What the exercise asks » Your response should consist of the entire listing, transcribed exactly, with every image left out.

Collected data »
-------
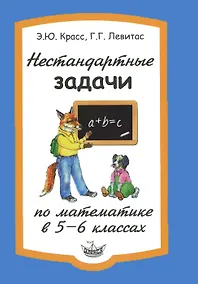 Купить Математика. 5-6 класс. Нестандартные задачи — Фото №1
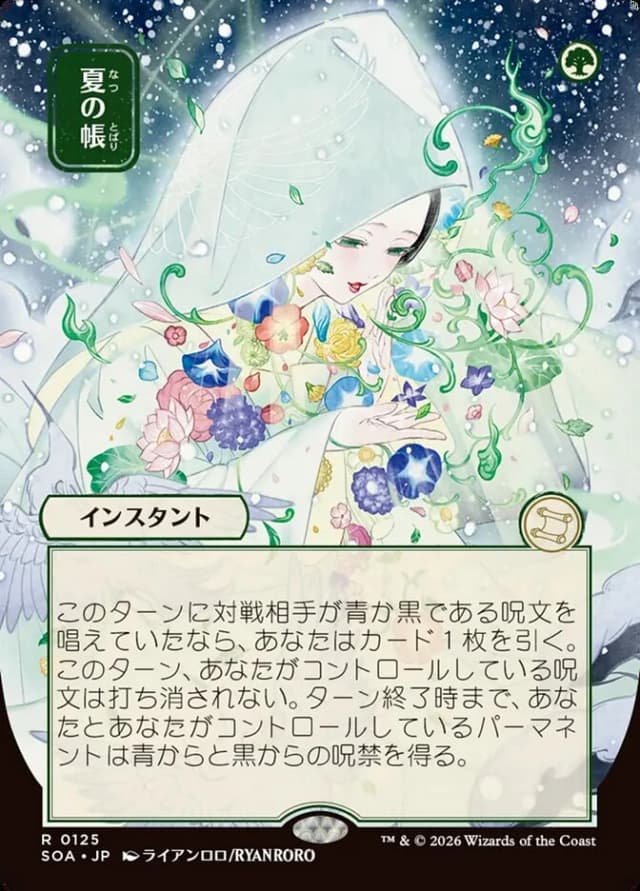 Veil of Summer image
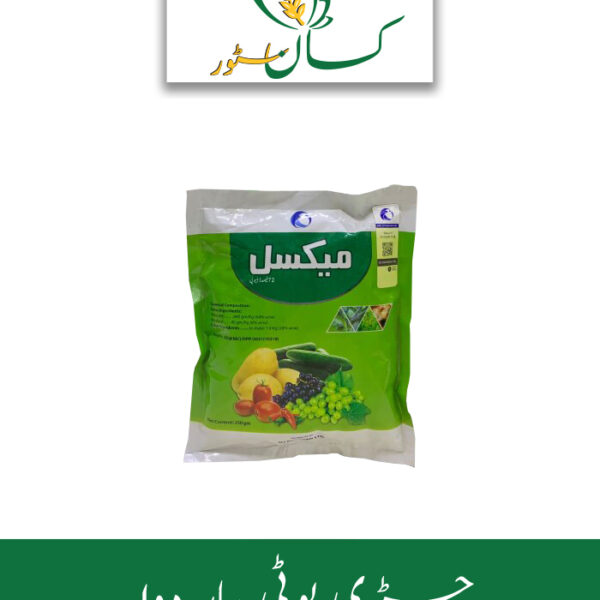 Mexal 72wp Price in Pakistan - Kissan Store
-------
Output below »
 Купить Математика. 5-6 класс. Нестандартные задачи — Фото №1
 Veil of Summer image
 Mexal 72wp Price in Pakistan - Kissan Store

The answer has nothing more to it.